WORTH NOTING: Illinois Treasurer Shows His Knowledge of Charges
By Daniel C. Vock, Staff Writer
You think just because he could be the next president of the United States that U.S. Sen. Barack Obama (D) would have an easy time on the basketball court? Not in Alexi Giannoulias' neighborhood. Giannoulias, the Democratic Illinois state treasurer, bulled over Obama and bruised the senator on his way to the basket, according to the Chicago Sun-Times . Giannoulias, who played pro ball in Greece for a year, took the court with Obama and friends in Chicago May 6, the day of the Indiana and North Carolina primaries.
Salt Lake City, of all places, is home to a new martini. The key to making Club Bambara's new concoction is the amount of Beefeater Gin: It's 1.5 ounces, no less and certainly no more. Bartenders created the new drink in celebration of the Utah Legislature allowing them to pour an extra half ounce of liquor in their drinks, The Salt Lake Tribune reports. Alas, the martini has a name only a legislator could love; it's called the SB211 Martini, after its enabling legislation.

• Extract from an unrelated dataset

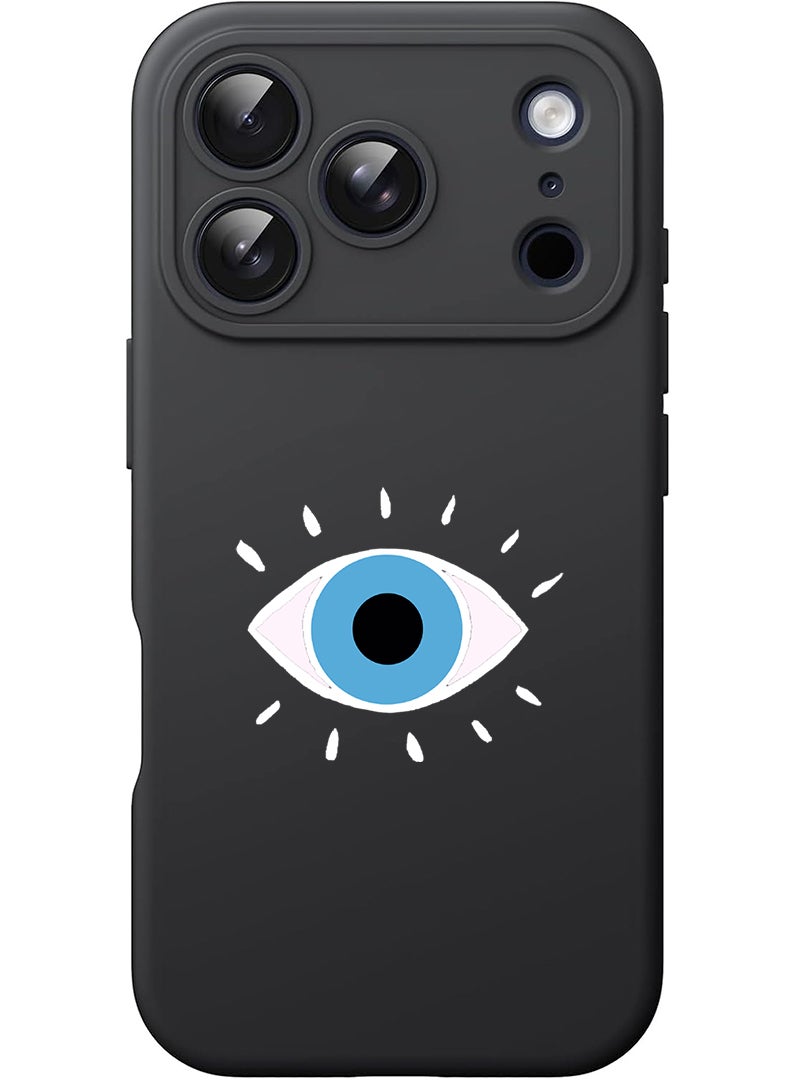 Theodor Protective Slim Fit Case Liquid Silicone Cover with Full Body Protection Anti-Scratch Shockproof Case For Apple iPhone 17 Pro Max (Black) Eye - White - Image 1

How awkward. Ohio lawmakers are thinking about impeaching a state official, but to get legal guidance on handling the rare procedure, they had to ask the same attorney general they're trying to impeach, the Columbus bureau of The Associated Press writes. House Speaker John Usted (R) said Attorney General Marc Dann (D) might consider hiring independent lawyers to research the matter.
Miffed at legislation designed to preserve the integrity of marriage by outlawing civil unions or gay marriages, Pennsylvania Sen. Vincent Fumo (D) offered his own addition: outlawing divorce, reports the Pittsburgh Tribune Review . Fumo, himself twice divorced, said, "There's no greater threat to families and to marriage than the high divorce rate." The Senate tabled his proposal.
A 28-square-mile Louisiana prison complex with farms and forests has enough wildlife to make prisoners think twice about escaping, the AP writes. The Angola prison is home to rattlesnakes, wild pigs, alligators and now bears. The guards say as many as 10 bears patrol the grounds, giving inmates a good reason to stay inside. But a state wildlife official was skeptical, telling the AP there have never been black bear attacks on pets or livestock in Louisiana. "As for a bear coming out and rushing an inmate," she said, "I don't see that happening."